Вышел немец из ГУЛАГа. Часть вторая

Миф третий. О «заколюченной стране».

Великую войну в стране встречали по-разному. Ещё один «страдалец» с «вятского креста», Даниил Хармс во всеуслышание трепался, что наконец-то «цивилизованные» немцы уничтожат или сделают рабами этот русский «быдло – пролетариат», грозился набить морду любому, кто осмелиться призвать его в Красную армию, а ежели такое всё же произойдёт – тут же обратить пулемёт (отчего-то он был уверен, что ему доверят именно пулемёт) против внушающих ему искреннее отвращение соплеменников.

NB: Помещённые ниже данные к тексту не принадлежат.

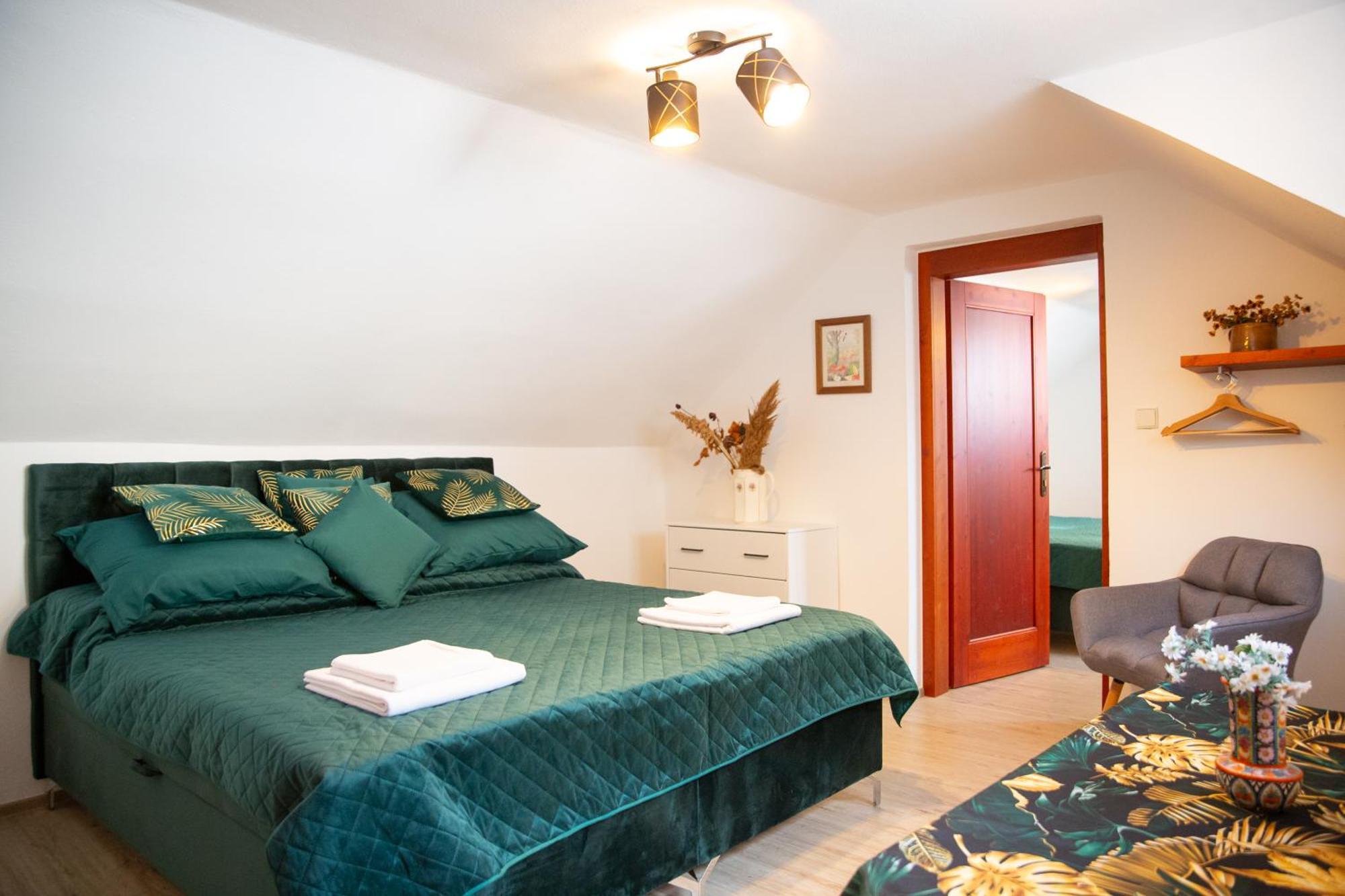 Rezidence Plesivec - Rodinny Apartman S 3 Loznicemi Český Krumlov Eksteriør billede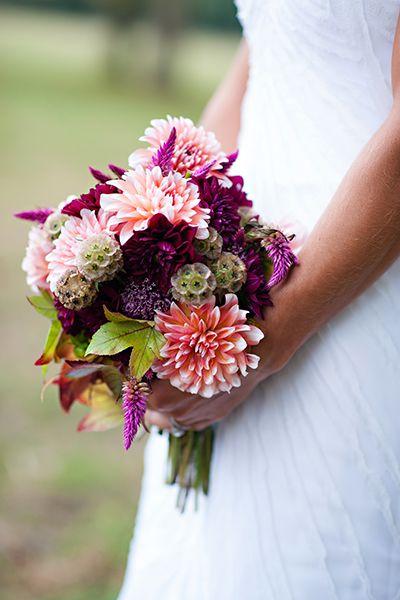 Hochzeit - Modern Wedding Bouquets With Texture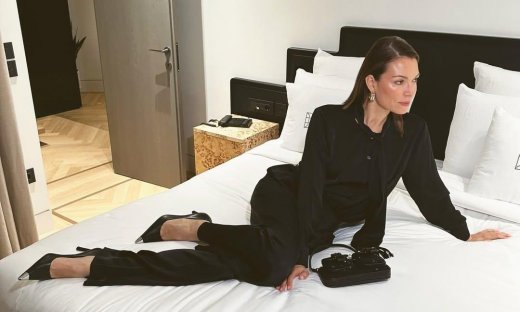 Το cosy πανωφόρι της Βίκυς Καγιά που αναβαθμίζει κάθε βραδινό χειμωνιάτικο look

В это же время презираемая Хармсом «чернь» обивала пороги военкоматов, требуя немедленной отправки на фронт для отражения иноземной агрессии. Ну ни черта не понимали никчёмные людишки в силу своей нетонкой душевной организации!

Ходил писать заявления и Келлер, хотя сознавал, что на передовой оказаться может лишь чудом. Во-первых, потому что большинство спортсменов (футболистов, кстати, в первую очередь) советская власть обеспечивала «бронью», а во-вторых – по причине происхождения. Фразу «немцы – нормально» культовый Данила Багров скажет только годков через полсотни с гаком, а в 41-м «немец» — это почти приговор. (Хотя… «Сатурн почти не виден» тоже, должно быть, не на пустом месте писался.) А приговор, по идее, рано или поздно должен быть приведён в исполнение.

В конце августа, когда гитлеровцев ещё пытались остановить на Днепре, в Кремле забеспокоились о Волге. И грянул Указ о депортации немецкого населения Европейской части Союза.

Конечно, он напрочь ломал человеческие судьбы и веками устоявшийся жизненный уклад. Даже подготовленные два переезда, по пословице, равны одному пожару, что уж говорить о насильственном переселении. Да и переселении как и куда – в «скотных» вагонах, в пыльный Казахстан, в горный Алтай, в морозную республику Коми… Правда, где было набраться на всех купе и тёпленьких мирных местечек – ни тогда, ни потом так никто и не объяснил.

А нужна ли вообще была подобная спецоперация? Приведу только факты, а дальше пусть каждый решает сам. Намного раньше СССР аналогичные действия уже предприняла чопорная Великобритания, родина парламентаризма: интернировала на свои северные островки 74 тысячи «враждебно настроенных граждан», а нескольких сподвижников «британского Гитлера» Мосли (фамилия одного, не поверите – Эмери) безо всяких там проволочек просто спровадила на виселицу. Позднее отличились и Соединённые Штаты, на территорию которых не упала ни одна бомба Второй Мировой: были отловлены и, опять же «без суда и следствия», отправлены в концлагеря в неласковом штате Алабама, только по официальным, признанным Конгрессом данным, 120 тыс. «лиц японской национальности» (теперь историки уже шёпотом говорят о полумиллионе). Да ещё и с Алеутских островов в те же лагеря зачем-то согнали всех эскимосов… Хотя – да, штатовская депортация проходила гуманнее советской: сталинские палачи на сборы давали всего 24 часа, а рузвельтовские миротворцы – целых 48.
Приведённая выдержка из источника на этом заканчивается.